Funds and etfs

Chinese Demand Fires Up Coal ETFs

Coal exchange-traded funds (ETFs) have been heating up over the past year, with the Market Vectors Coal ETF (NYSE ARCA: KOL) trading more than 56% higher. Behind these increases, the price of physical coal has increased from a low of $49 per ton in January to more than $59 per ton, according to Argus, which represents a 20% increase so far this year.

The bullish sentiment stems from the Chinese government’s move to reduce surplus capacity, which led to Chinese buyers hoarding supplies and propping up prices. Recently, the government ordered mines to cut capacity by 16% and operate for 276 days per year compared to 330 days per year. Chinese buyers began buying up coal in advance of the production cuts in anticipation of rising prices and a potential lack of supply.

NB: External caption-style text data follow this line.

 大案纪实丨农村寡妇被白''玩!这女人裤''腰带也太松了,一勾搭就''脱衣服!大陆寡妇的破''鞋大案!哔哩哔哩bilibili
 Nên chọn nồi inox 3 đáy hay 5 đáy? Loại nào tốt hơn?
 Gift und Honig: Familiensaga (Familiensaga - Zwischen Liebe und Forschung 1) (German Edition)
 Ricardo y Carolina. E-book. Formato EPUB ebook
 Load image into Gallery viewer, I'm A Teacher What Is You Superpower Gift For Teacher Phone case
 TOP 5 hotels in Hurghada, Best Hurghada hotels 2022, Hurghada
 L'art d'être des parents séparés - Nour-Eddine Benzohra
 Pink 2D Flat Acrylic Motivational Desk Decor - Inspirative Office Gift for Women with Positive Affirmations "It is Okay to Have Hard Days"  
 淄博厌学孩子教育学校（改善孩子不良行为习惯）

In addition, higher crude oil prices have lifted natural gas prices – coal’s core competitor in the energy markets. Natural gas prices have rebounded strongly from their late-May lows to $2.73, while the rally could continue if crude oil continues its move higher. These moves could ease deflationary pressure on coal as a primary power generation source throughout Asia.

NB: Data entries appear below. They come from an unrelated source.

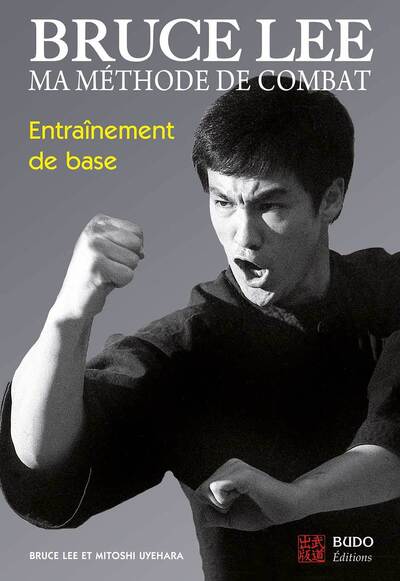 Image de Bruce Lee  - Ma méthode de combat : Entraînement de base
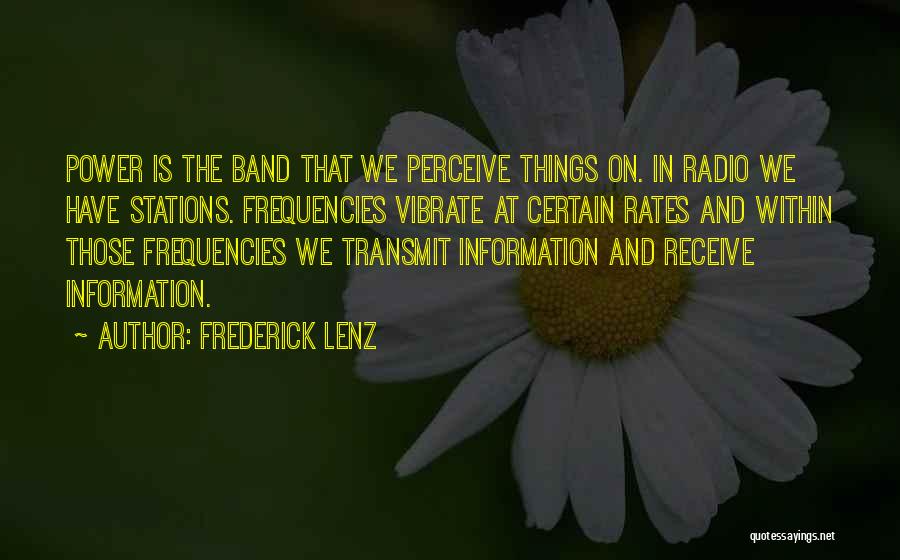 Frederick Lenz Quotes: Power Is The Band That We Perceive Things On. In Radio We Have Stations. Frequencies Vibrate At Certain Rates And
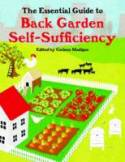 Cover image of book The Essential Guide to Back Garden Self-Sufficiency by Edited by Careen Madigan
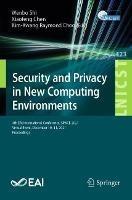 Security and Privacy in New Computing Environments: 4th EAI International Conference, SPNCE 2021, Virtual Event, December 10-11, 2021, Proceedings - cover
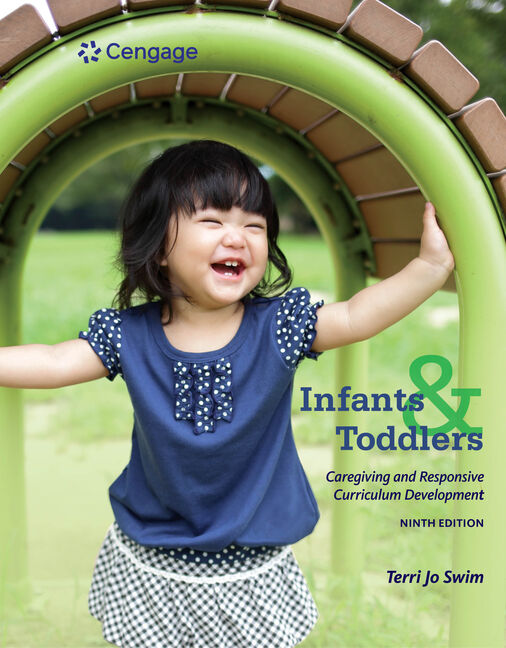 Infants, Toddlers, and Caregivers Caregiving and Responsive Curriculum Development, 9th Edition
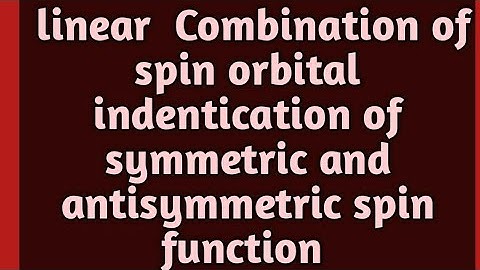 Quantum mechanics|Spin orbital & their linear combination|the symmetric and antisymmetric spin fun.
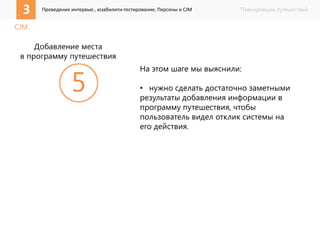 3 Проведение интервью , юзабилити-тестирование, Персоны и CJM Планировщик путешествий 
CJM 
На этом шаге мы выяснили: 
• нужно сделать достаточно заметными 
результаты добавления информации в 
программу путешествия, чтобы 
пользователь видел отклик системы на 
его действия.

According to Citi analysts, the “least loved” part of the energy sector is looking in better shape than it has for several years. Morgan Stanley analysts suggested that so many domestic cuts have occurred in China that it may need to engage the seaborne market to meet demand.

If China strictly enforces the new regulations and the la Nina weather leads to increased rainfall that impacts output, Citi analysts believe that the commodity could rise as much as $90 per ton – a significant move given that current prices are hovering around $60 per ton.

Investors may want to keep an eye on coal ETFs over the coming quarters as these events play out.